When vaccinations are needed, there is a particularly simple method that can be utilized at times and allows our staff to avoid having to immobilize the zebras for vaccinations.
“We can sometimes vaccinate our zebras by pole syringe since they’ll come right up to the vehicle for feed,” she said. “When that doesn’t work, we can usually get them vaccinated by darting. These are specialized darts that have a gel barb; once the gel is underneath the skin, it warms up and becomes less stiff, which allows the dart to fall out in a couple of minutes after it has injected the vaccine. We can then wait to see where the dart falls so we can collect it from the pasture.”
She was asked about hoof maintenance among the Fossil Rim equids.
“We rarely have significant hoof issues with either species of zebra,” Swenson said. “Both species seem to wear their feet appropriately without our intervention. We occasionally see minor issues with our P-horses and we do have a farrier come out once a year or so to do hoof trims on them.”

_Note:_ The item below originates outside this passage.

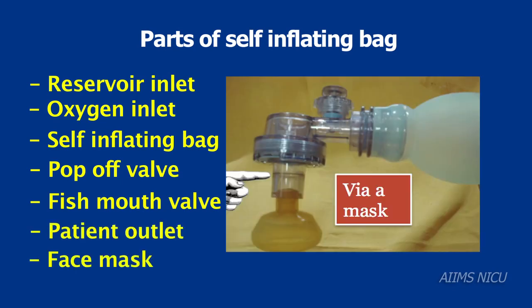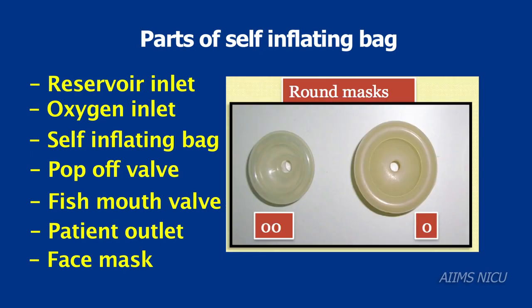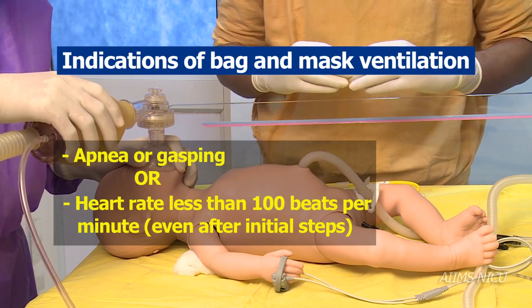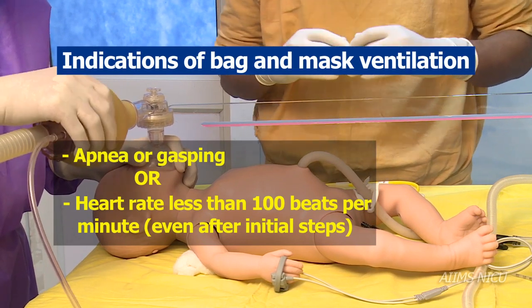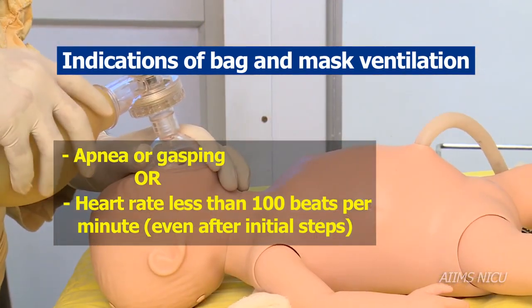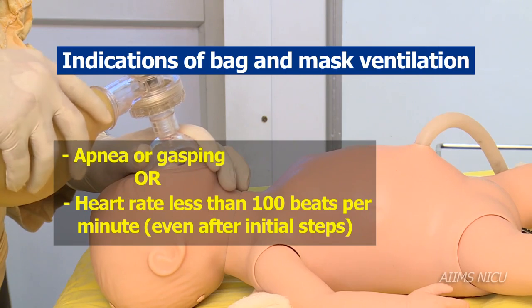The face mask is attached to the patient outlet and comes in sizes 00 and 0. The indications to use bag and mask ventilation include an apneic or gasping baby, or a baby with heart rate less than 100 per minute after the initial steps of resuscitation.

What about controlling parasites with Fossil Rim equids?
“There is a benefit to having equids in the same pastures as our ruminants from a parasite control standpoint,” Swenson said, specifically referring to the Hartmann’s mountain zebras in the Game Preserve. “We have several ruminant species here that are particularly sensitive to common gastrointestinal parasites. These parasites are found on the grass blades and are ingested by the animal while they are eating. Once in the gastrointestinal tract, these parasites can cause a number of different health problems.
“Equids also have gastrointestinal parasites, but luckily most of the parasites that affect our ruminants don’t cause disease in our equids, and vice versa. So, this allows us to use equids as a dead-end host for these ruminant parasites. The equids in the pasture will eat the grass which contains the parasites that affect ruminants.

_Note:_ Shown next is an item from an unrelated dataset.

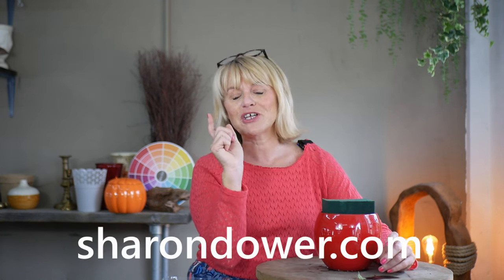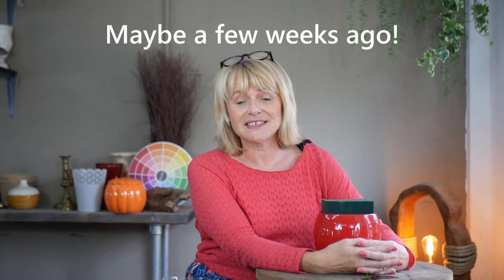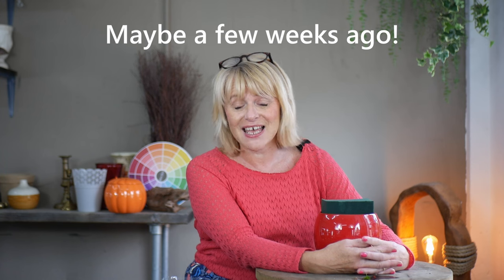Welcome back, it's lovely to see you for another tutorial. My name is Sharon, from Sharon Dower Flower School. We run lots of online classes and workshops, so if you haven't participated in one of our Zoom sessions, pop and have a look at the website - I'll link it below. Last week I did a design using one of our British supermarket bunches of flowers, and I'll link it in the cards here.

“But, those parasites can’t survive and reproduce in the gastrointestinal tract of an equid. So, the parasite dies before it can create offspring. This helps to minimize the parasite burden present in that pasture.”
Beyond the fact that two of the species are endangered and the Hartmann’s mountain zebras are classified as “Vulnerable,” Swenson discussed why she believes these wild equids are valuable to the Fossil Rim collection.
“Equids are a very important group ecologically,” she said. “They are large grazers, which allow them to clear out old vegetation to allow for new growth. They also help with seed dispersal and fertilization of the ecosystem. They are often a main food source for keystone predator species, such as lions and leopards.
“Overall, I think it’s valuable for people to recognize the importance of a given species, as well as the diversity of animals that exist. It’s easy to think that all herbivores are alike, but the reality is there are some significant differences between the animals that we house here at Fossil Rim. Zebras are an excellent example of that and one that sticks very easily in people’s minds.”